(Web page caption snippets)

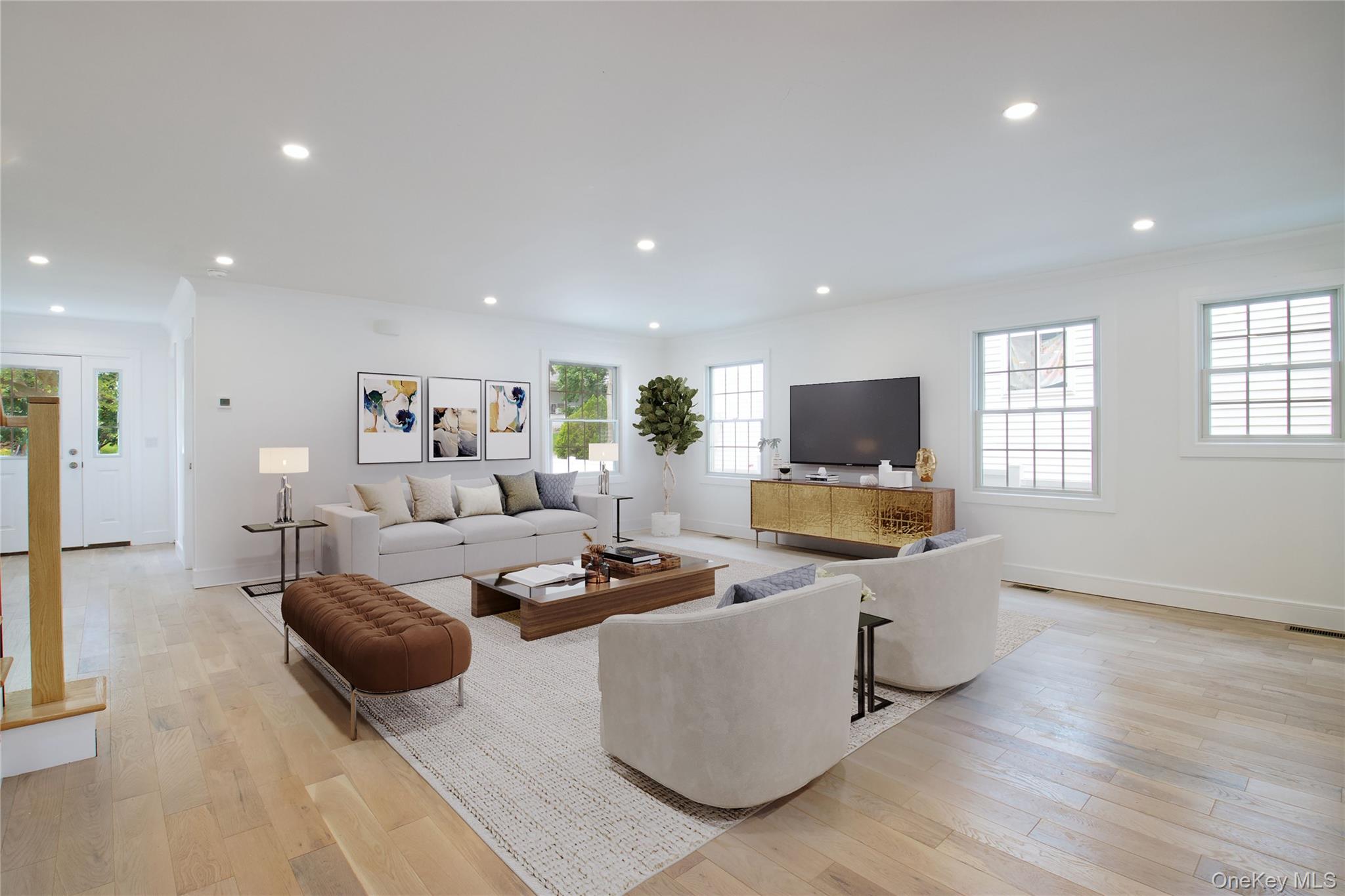 30 Kirkwood Road, Unit B Port Washington, NY 11050 - Photo 8 of 36 a living room with furniture and a flat screen tv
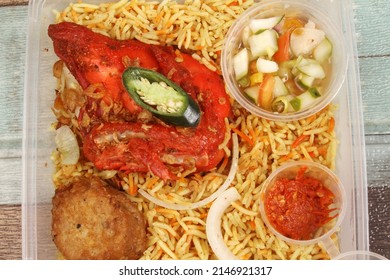 A Plate Of  Chicken Briyani Rice On The Table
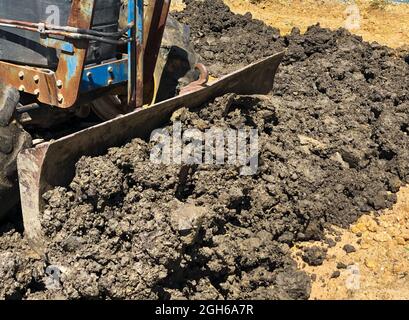 Il trattore Blue sta regolando il terreno. Foto Stock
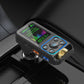 Wireless car FM MP3 transmitter in car with LCD screen and blue-lit control buttons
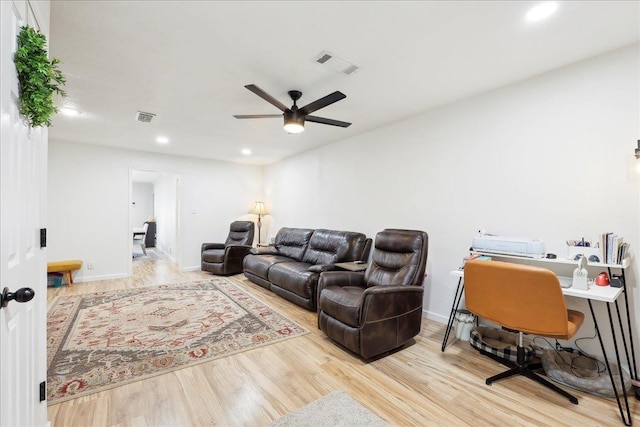 living area with ceiling fan, wood finished floors, and visible vents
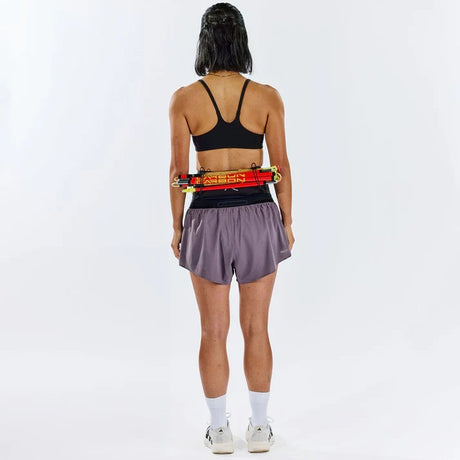 Person wearing Raide running belt with poles attached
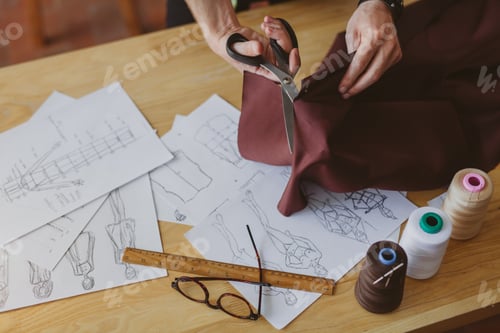 Preview: Man cutting fabric with scissors on table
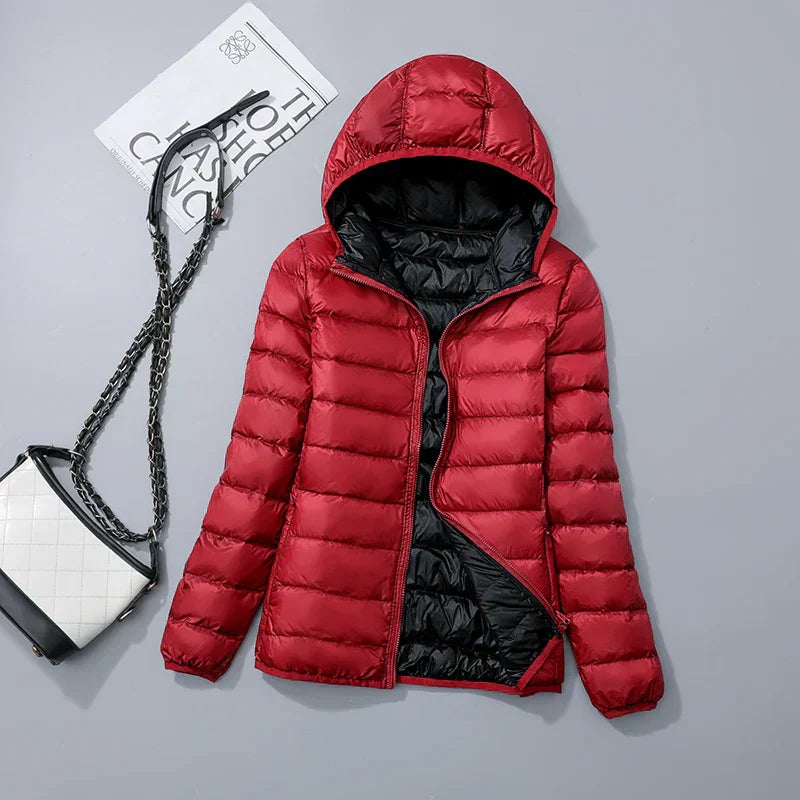 Veste doudoune rouge avec capuche, posée à plat, accompagnée d'un sac à main noir et blanc à chaîne, sur fond gris. Mode hiver tendance.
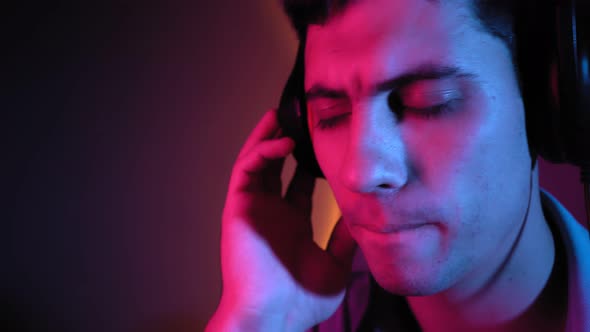 Portrait Man Relaxes Listening to Music Through Headphones in Neon Lighting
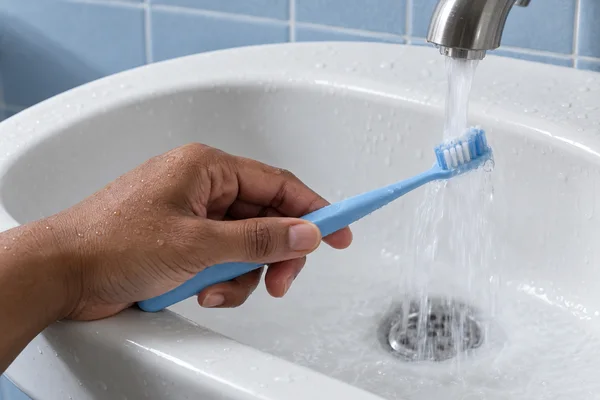 A medium-brown hand holds a powder-blue toothbrush beneath a brushed-steel faucet over a white porcelain sink, with pale-blue tiles behind it and water running…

_Exercise description:_
Where the data contains images, drop them and print the rest exactly.

_Answer to the problem:_
 30 Kirkwood Road, Unit B Port Washington, NY 11050 - Photo 8 of 36 a living room with furniture and a flat screen tv
 A Plate Of  Chicken Briyani Rice On The Table
 Il trattore Blue sta regolando il terreno. Foto Stock
 Wireless car FM MP3 transmitter in car with LCD screen and blue-lit control buttons
 living area with ceiling fan, wood finished floors, and visible vents
 Person wearing Raide running belt with poles attached
 Preview: Man cutting fabric with scissors on table
 Veste doudoune rouge avec capuche, posée à plat, accompagnée d'un sac à main noir et blanc à chaîne, sur fond gris. Mode hiver tendance.
 Portrait Man Relaxes Listening to Music Through Headphones in Neon Lighting
 A medium-brown hand holds a powder-blue toothbrush beneath a brushed-steel faucet over a white porcelain sink, with pale-blue tiles behind it and water running…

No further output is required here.